A porter waits for tourists outside the main train station in Venice next to totem's explanation for tourist entrance tax
A porter waits for tourists outside the main train station in Venice next to totem's explanation for tourist entrance taxLuca Bruno/Copyright 2024 The AP. All rights reserved

Officials have avoided calling the charge a tax and have downplayed the possibility of waits to enter the city, emphasising there will be no turnstiles or physical barriers.

Venice has long suffered under the pressure of overtourism, but officials say pre-pandemic estimates ranging from 25 million to 30 million visitors a year are not reliable and that the pilot project also aims to come up with more exact figures.

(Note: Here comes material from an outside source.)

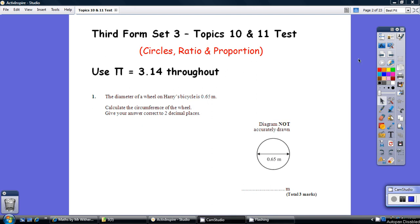This is the third form test on topics 10 and 11, which were circles, ratio, and proportion. Here's the first question.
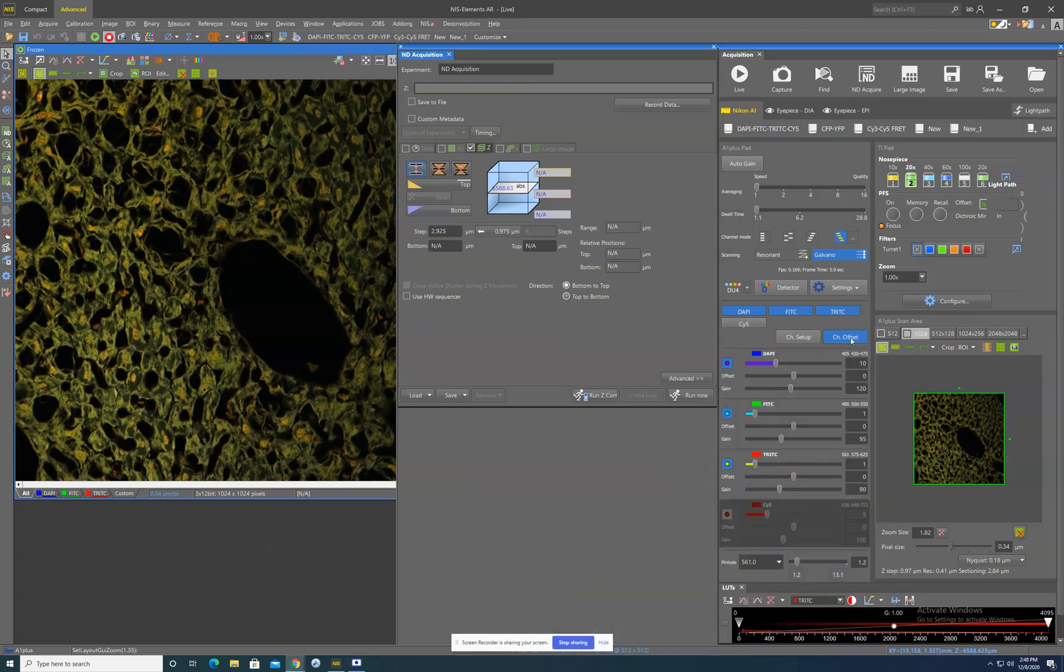Okay, hello. Excuse the giant Nikon Elements screen. I want to make sure everything is nice and visible.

But some locals aren’t convinced the entry fee or the associated fines will have any real impact on the city.

In this city we are just increasing tourism.
Nicola Ussardi
Venice resident

“It needs to be clarified where all this income will go,” said Venice resident Nicola Ussardi. “They should repair the thousands of abandoned houses in this city. However, that’s unlikely to happen. Instead, residents keep leaving, the city is emptying out, and all we're doing is boosting tourism,” he added.

Under the pilot scheme, visitors arriving at the main train and bus stations will be met by stewards who will remind tourists of the new requirement and help anyone who hasn’t yet downloaded the QR code.

Payment points will be set up for anyone without a smartphone.

Officials have emphasised that the program aims to reduce crowds on peak days, encourage longer visits and improve the quality of life for residents.

But the charge doesn’t apply to anyone staying in Venice, including the mainland districts of Marghera and Mestre.